■ **Task objective**:
For this exercise, the lines from the one with "Wilton Disposable Square" through the final line of the data below are to be transcribed exactly, and pictures are to be skipped.

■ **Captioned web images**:

----------

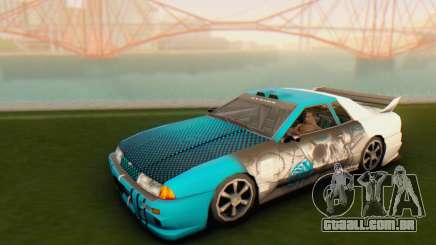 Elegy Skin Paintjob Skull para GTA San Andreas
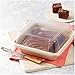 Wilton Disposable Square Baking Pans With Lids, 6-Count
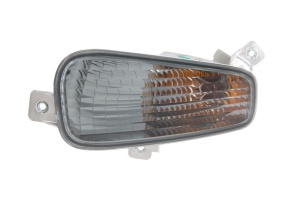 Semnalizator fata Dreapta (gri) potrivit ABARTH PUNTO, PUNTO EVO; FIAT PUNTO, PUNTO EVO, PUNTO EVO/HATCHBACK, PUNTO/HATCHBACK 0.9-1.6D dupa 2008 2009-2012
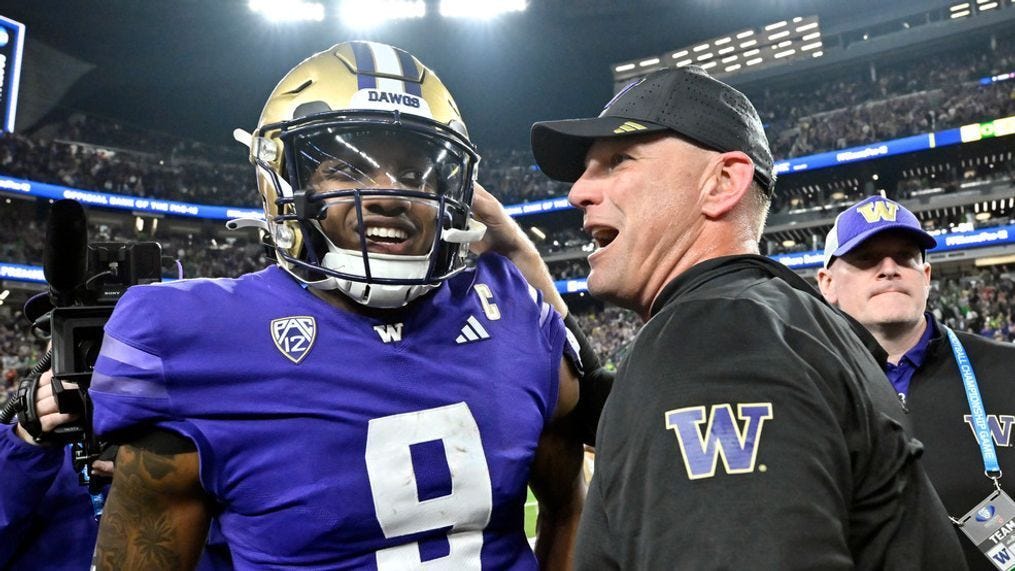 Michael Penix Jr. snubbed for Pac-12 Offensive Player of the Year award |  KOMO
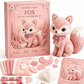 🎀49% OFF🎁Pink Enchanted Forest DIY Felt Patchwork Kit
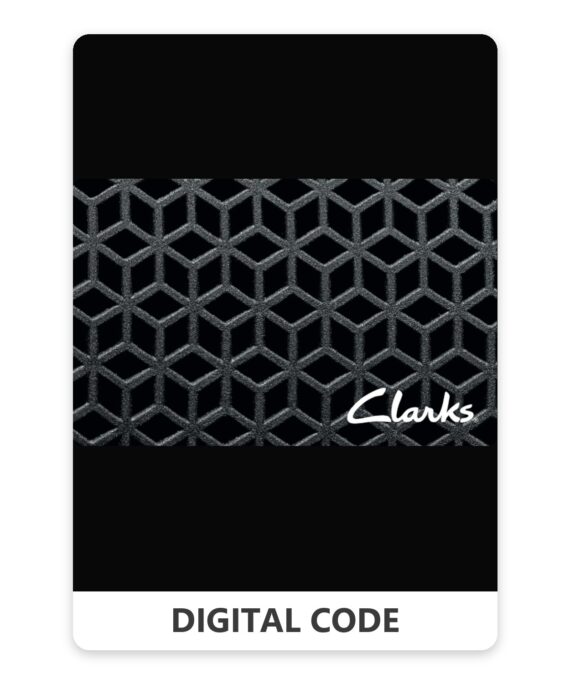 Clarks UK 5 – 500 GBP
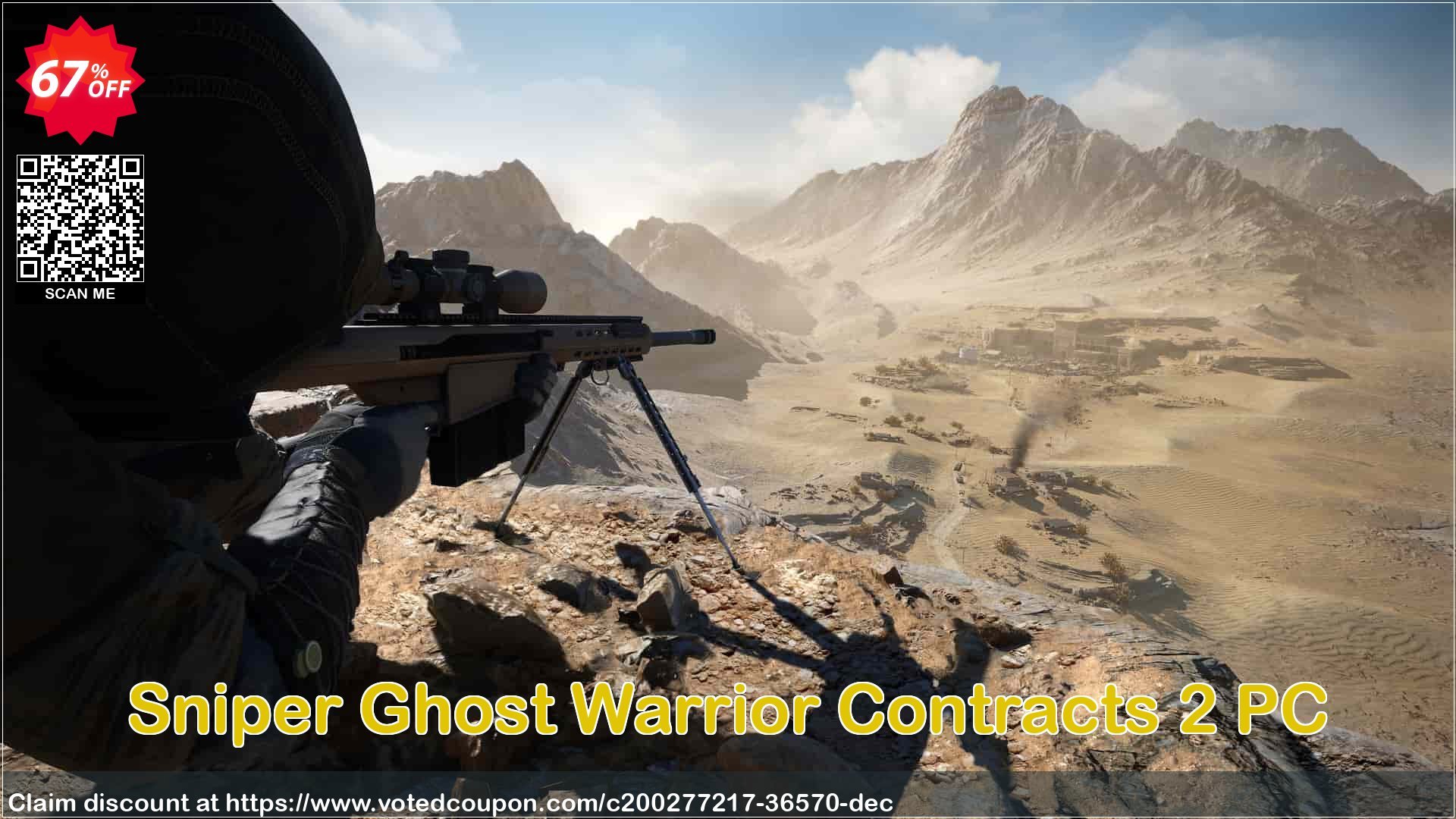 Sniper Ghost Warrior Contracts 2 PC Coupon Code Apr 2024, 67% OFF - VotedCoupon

----------

■ **Written solution**:
 Wilton Disposable Square Baking Pans With Lids, 6-Count
 Semnalizator fata Dreapta (gri) potrivit ABARTH PUNTO, PUNTO EVO; FIAT PUNTO, PUNTO EVO, PUNTO EVO/HATCHBACK, PUNTO/HATCHBACK 0.9-1.6D dupa 2008 2009-2012
 Michael Penix Jr. snubbed for Pac-12 Offensive Player of the Year award |  KOMO
 🎀49% OFF🎁Pink Enchanted Forest DIY Felt Patchwork Kit
 Clarks UK 5 – 500 GBP
 Sniper Ghost Warrior Contracts 2 PC Coupon Code Apr 2024, 67% OFF - VotedCoupon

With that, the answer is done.